- What the task asks:
The line with "Байрон - верхняя мужская одежда" marks the start; please set it down along with all later lines through the end of the material, exactly, leaving out pictures.

- Recorded data:

──────

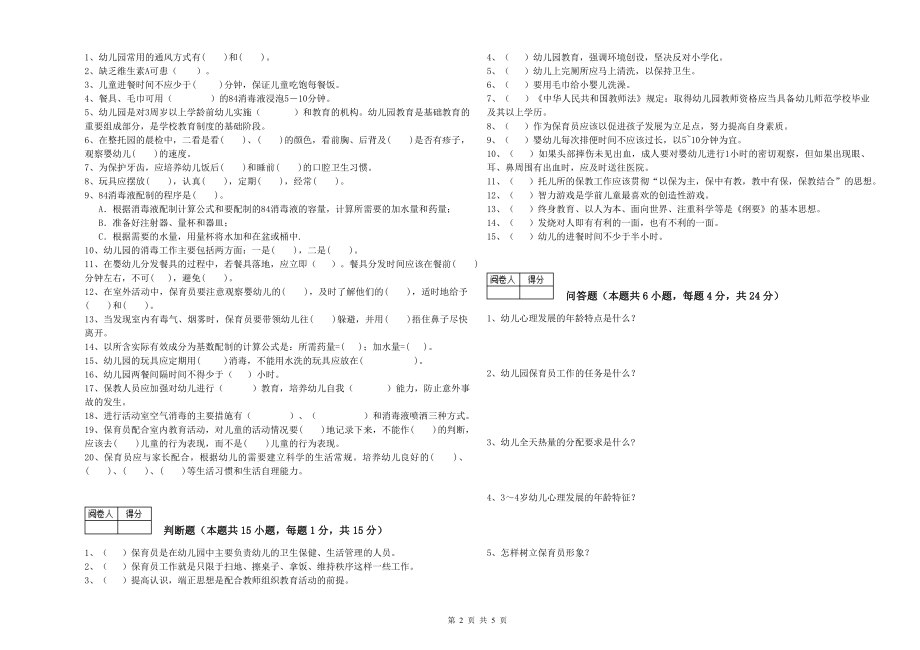 2020年职业资格考试《四级(中级)保育员》自我检测试卷D卷_第2页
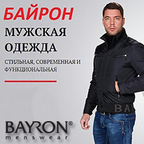 Байрон - верхняя мужская одежда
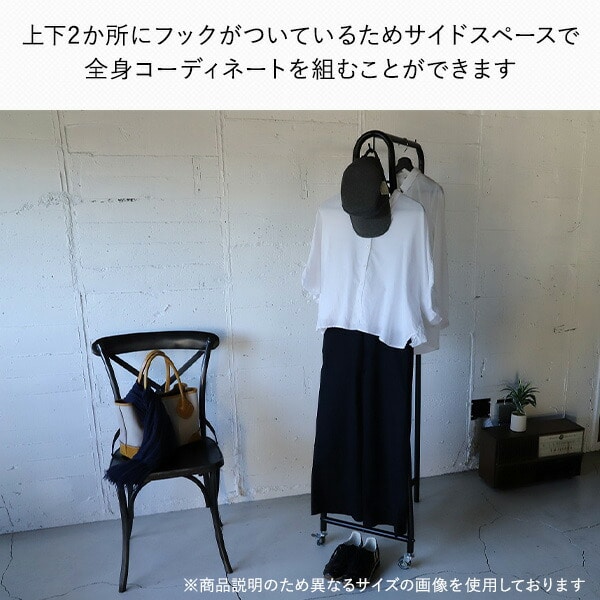 【10％オフクーポン対象】ハンガーラック ワイド アイアン製 キャスター付き IHR-W-UC コレンド COLLEND
										
											【会員登録でクーポンGET】 [3]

──────

- Solution for this problem:
 Байрон - верхняя мужская одежда
 【10％オフクーポン対象】ハンガーラック ワイド アイアン製 キャスター付き IHR-W-UC コレンド COLLEND
										
											【会員登録でクーポンGET】 [3]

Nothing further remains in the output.